To do:
Ignoring every picture, return the lines of the listing below word for word, from the line that holds "Motorola PMMN4094 Atex" through the line that holds "LEGO BIONICLE Parts".

Dataset excerpts:
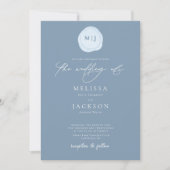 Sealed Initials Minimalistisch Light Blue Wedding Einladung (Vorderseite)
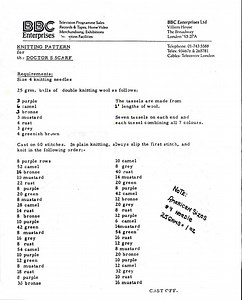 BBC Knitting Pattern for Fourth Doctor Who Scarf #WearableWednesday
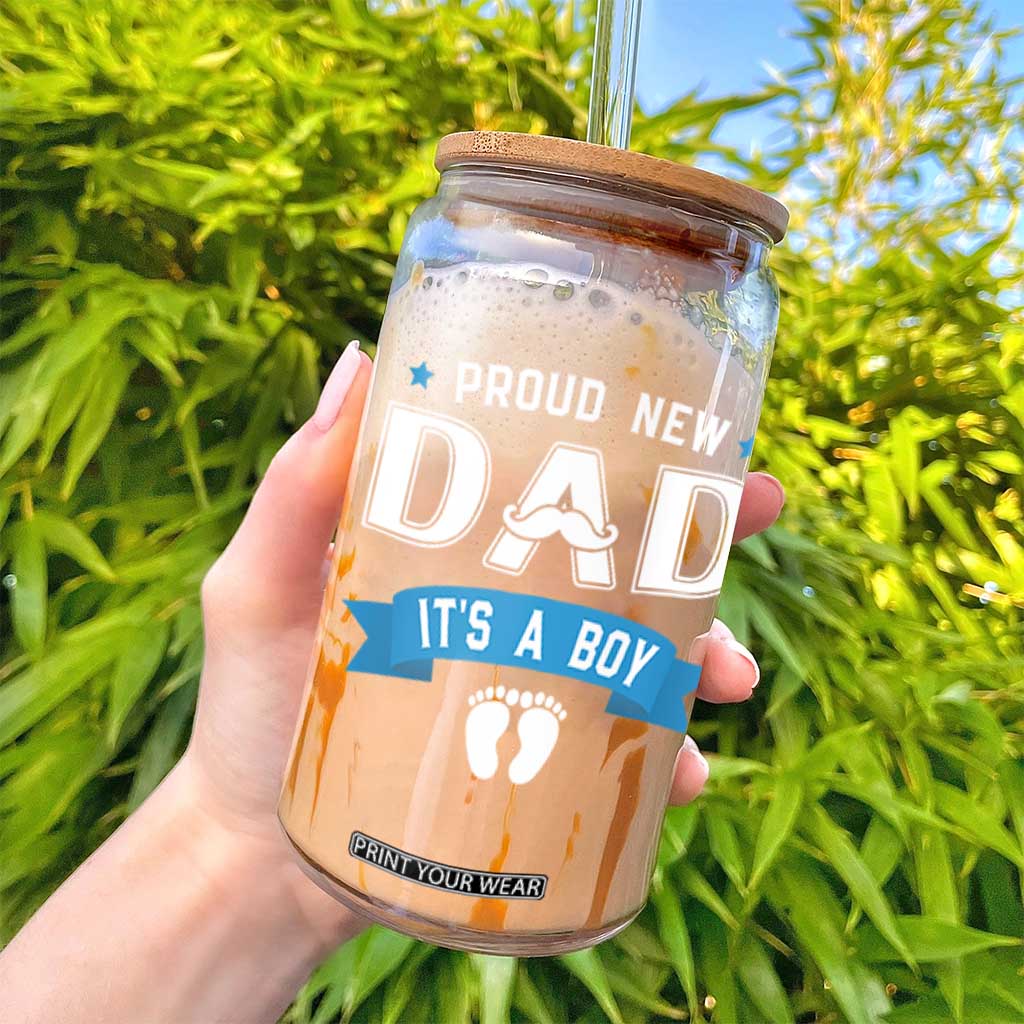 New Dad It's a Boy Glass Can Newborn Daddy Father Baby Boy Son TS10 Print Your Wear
---
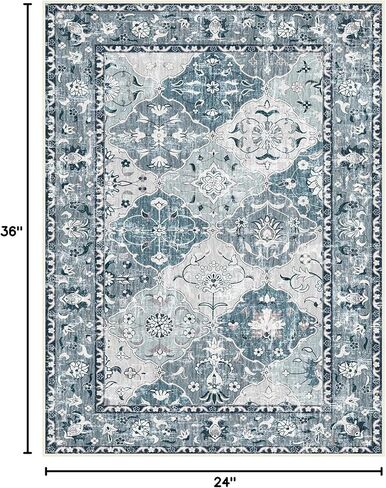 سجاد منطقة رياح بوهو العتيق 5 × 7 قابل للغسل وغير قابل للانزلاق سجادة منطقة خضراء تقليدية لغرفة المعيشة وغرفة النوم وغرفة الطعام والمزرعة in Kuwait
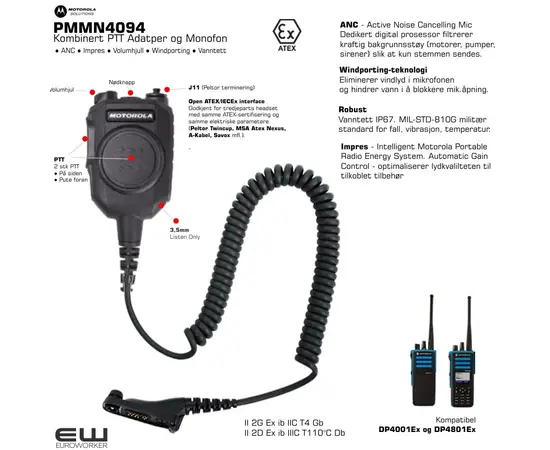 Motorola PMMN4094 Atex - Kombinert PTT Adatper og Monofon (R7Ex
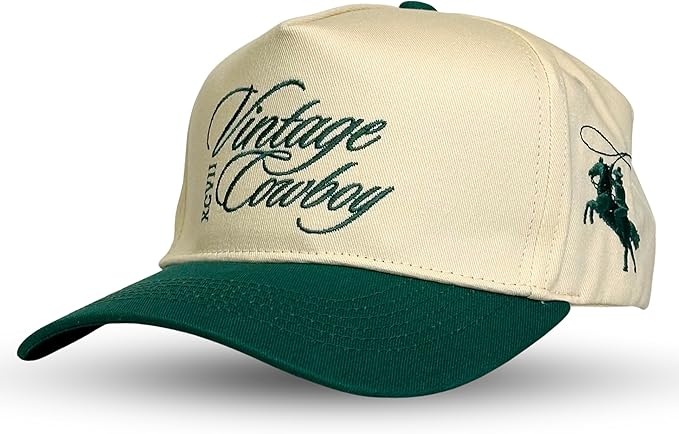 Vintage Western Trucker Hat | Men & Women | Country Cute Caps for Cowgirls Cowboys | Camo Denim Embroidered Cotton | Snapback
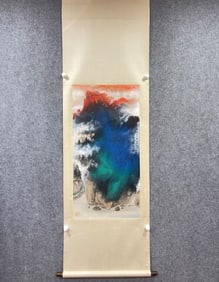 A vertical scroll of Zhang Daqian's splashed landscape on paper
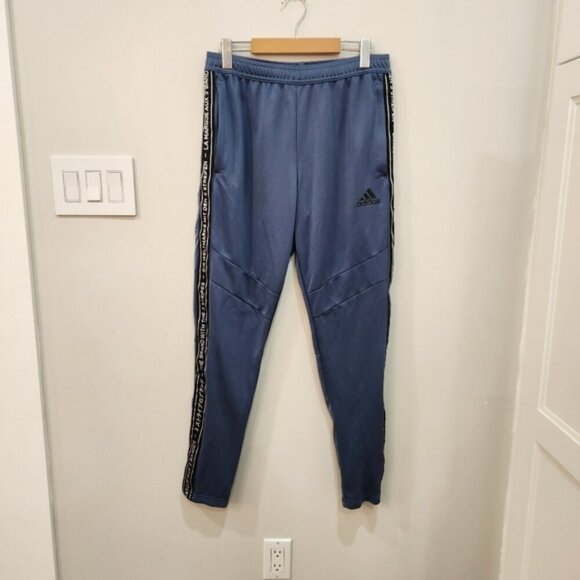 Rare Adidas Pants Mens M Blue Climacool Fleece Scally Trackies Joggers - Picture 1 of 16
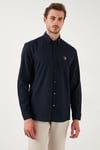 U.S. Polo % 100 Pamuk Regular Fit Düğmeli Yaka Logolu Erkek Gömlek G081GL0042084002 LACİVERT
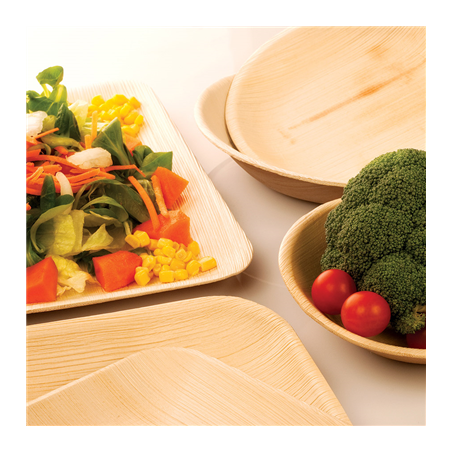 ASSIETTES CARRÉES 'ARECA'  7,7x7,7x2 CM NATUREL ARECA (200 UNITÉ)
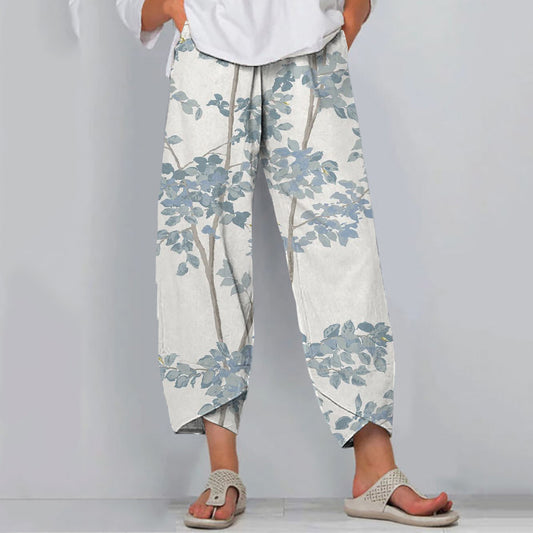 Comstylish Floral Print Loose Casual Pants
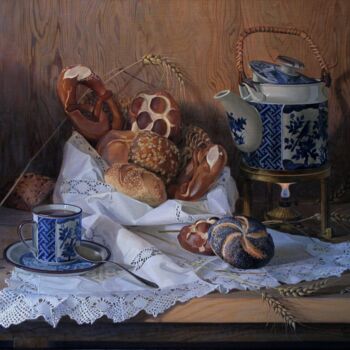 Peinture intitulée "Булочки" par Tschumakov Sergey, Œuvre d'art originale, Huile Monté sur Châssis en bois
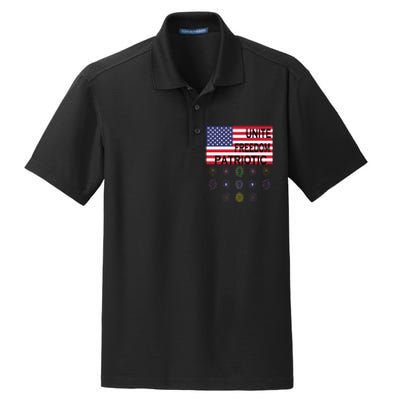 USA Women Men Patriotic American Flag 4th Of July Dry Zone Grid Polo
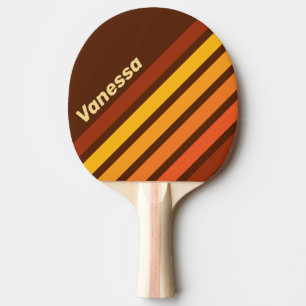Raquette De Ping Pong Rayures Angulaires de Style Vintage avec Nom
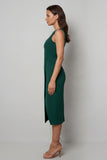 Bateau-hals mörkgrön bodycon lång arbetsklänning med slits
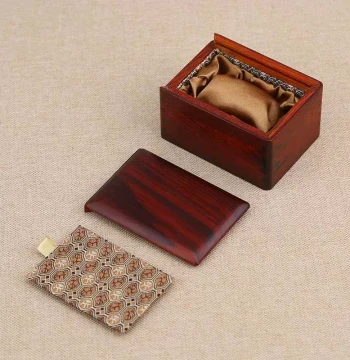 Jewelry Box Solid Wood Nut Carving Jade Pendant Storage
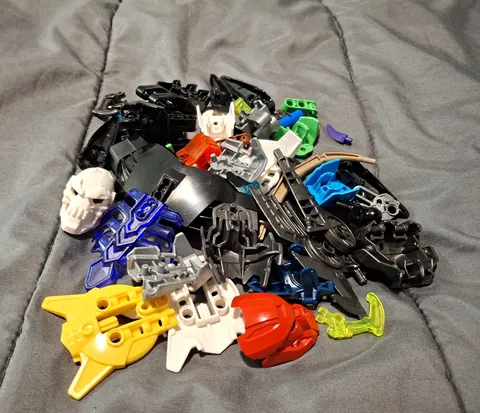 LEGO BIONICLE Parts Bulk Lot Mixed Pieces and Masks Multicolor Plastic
* * *
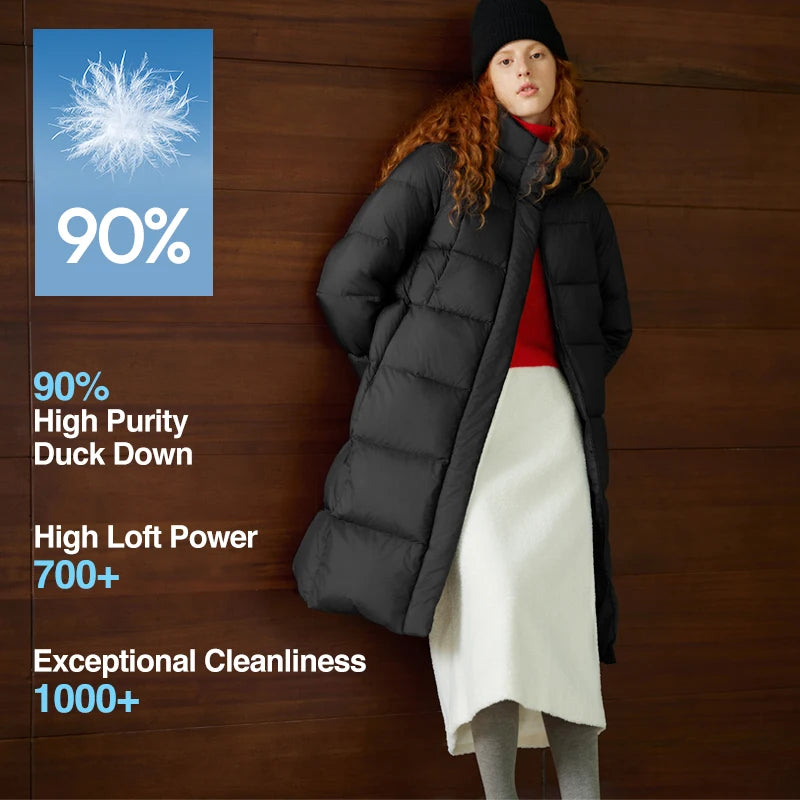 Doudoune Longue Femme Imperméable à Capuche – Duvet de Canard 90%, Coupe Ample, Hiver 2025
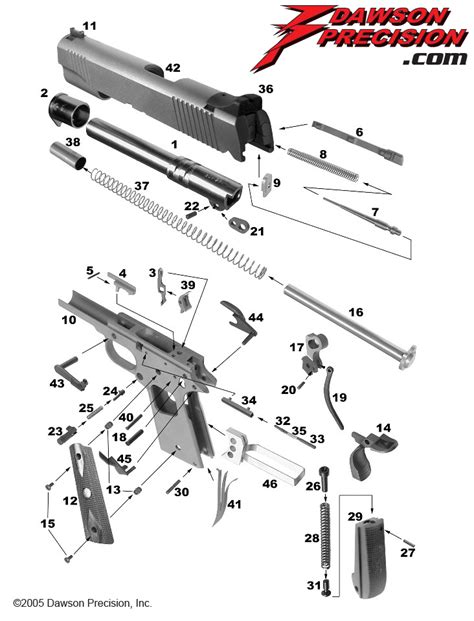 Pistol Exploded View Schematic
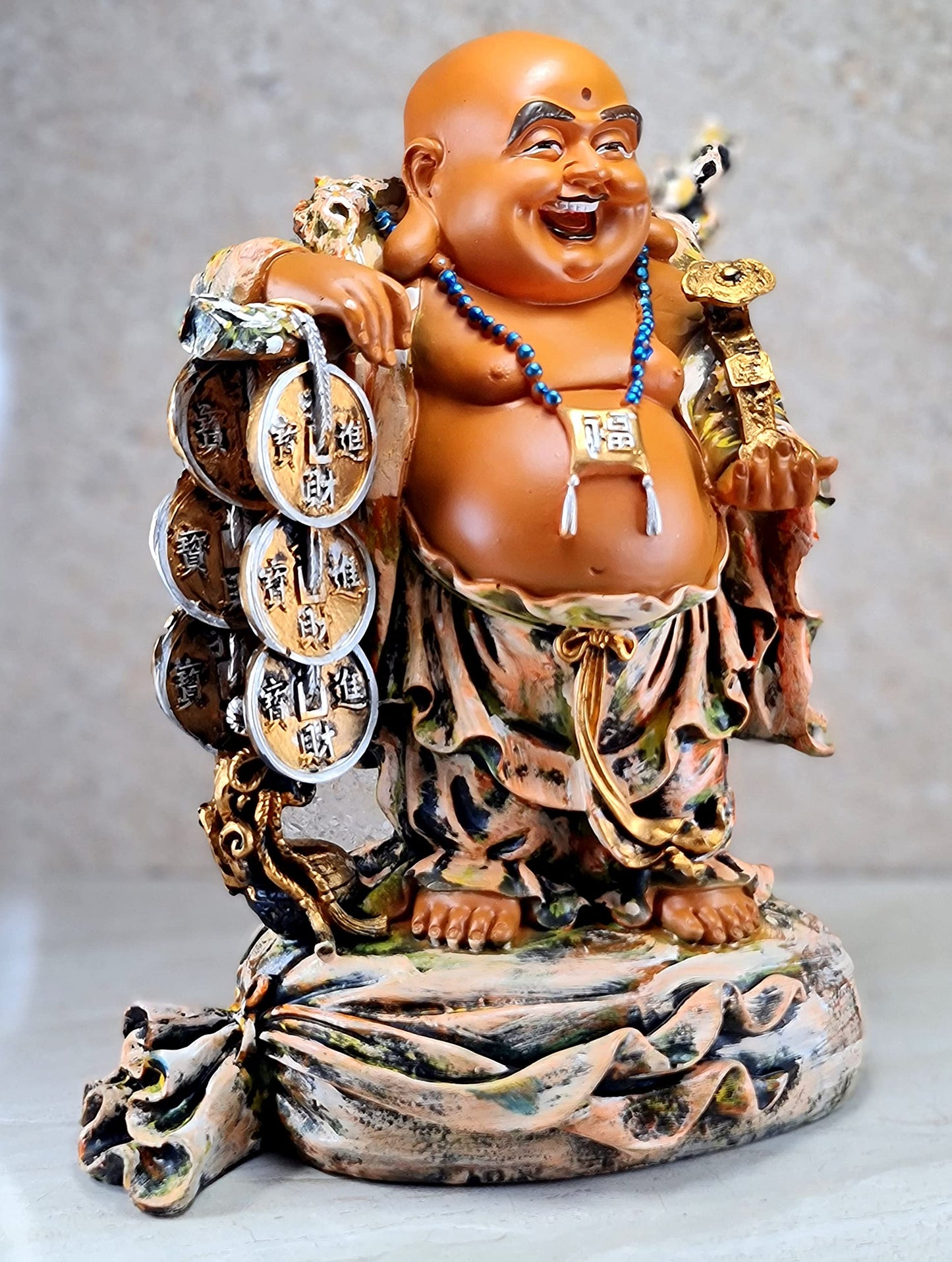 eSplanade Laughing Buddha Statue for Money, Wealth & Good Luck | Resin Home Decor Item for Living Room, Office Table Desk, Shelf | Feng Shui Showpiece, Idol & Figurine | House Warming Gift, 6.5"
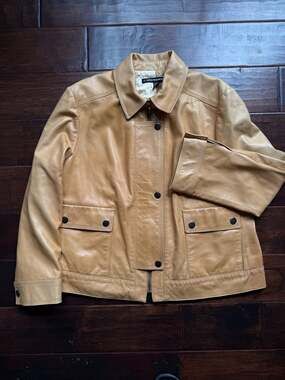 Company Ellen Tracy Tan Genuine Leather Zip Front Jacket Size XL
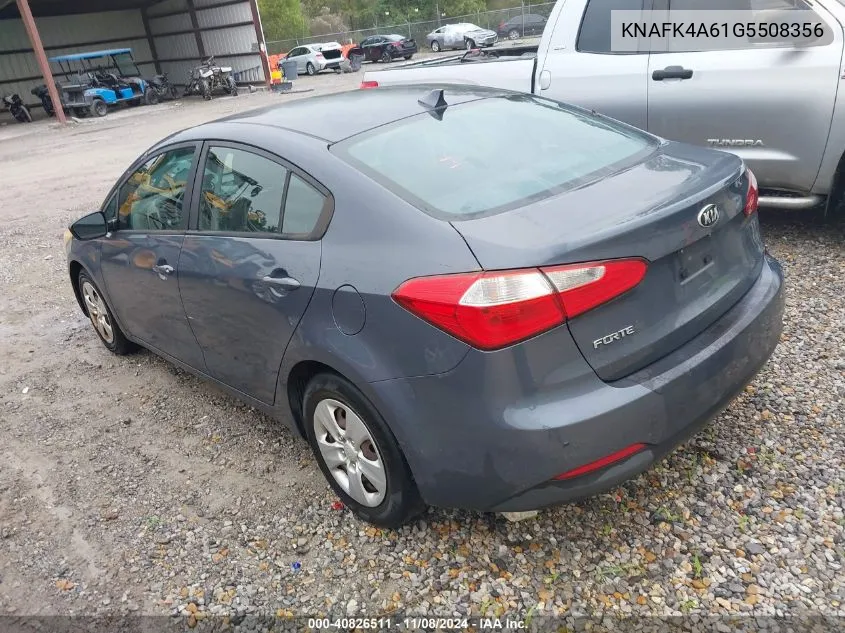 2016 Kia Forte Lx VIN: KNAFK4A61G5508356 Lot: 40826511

Expected output:
 Motorola PMMN4094 Atex - Kombinert PTT Adatper og Monofon (R7Ex
 Vintage Western Trucker Hat | Men & Women | Country Cute Caps for Cowgirls Cowboys | Camo Denim Embroidered Cotton | Snapback
 A vertical scroll of Zhang Daqian's splashed landscape on paper
 Rare Adidas Pants Mens M Blue Climacool Fleece Scally Trackies Joggers - Picture 1 of 16
 U.S. Polo % 100 Pamuk Regular Fit Düğmeli Yaka Logolu Erkek Gömlek G081GL0042084002 LACİVERT
 ASSIETTES CARRÉES 'ARECA'  7,7x7,7x2 CM NATUREL ARECA (200 UNITÉ)
 Comstylish Floral Print Loose Casual Pants
 Peinture intitulée "Булочки" par Tschumakov Sergey, Œuvre d'art originale, Huile Monté sur Châssis en bois
 USA Women Men Patriotic American Flag 4th Of July Dry Zone Grid Polo
Raquette De Ping Pong Rayures Angulaires de Style Vintage avec Nom
 Bateau-hals mörkgrön bodycon lång arbetsklänning med slits
 Jewelry Box Solid Wood Nut Carving Jade Pendant Storage
 LEGO BIONICLE Parts Bulk Lot Mixed Pieces and Masks Multicolor Plastic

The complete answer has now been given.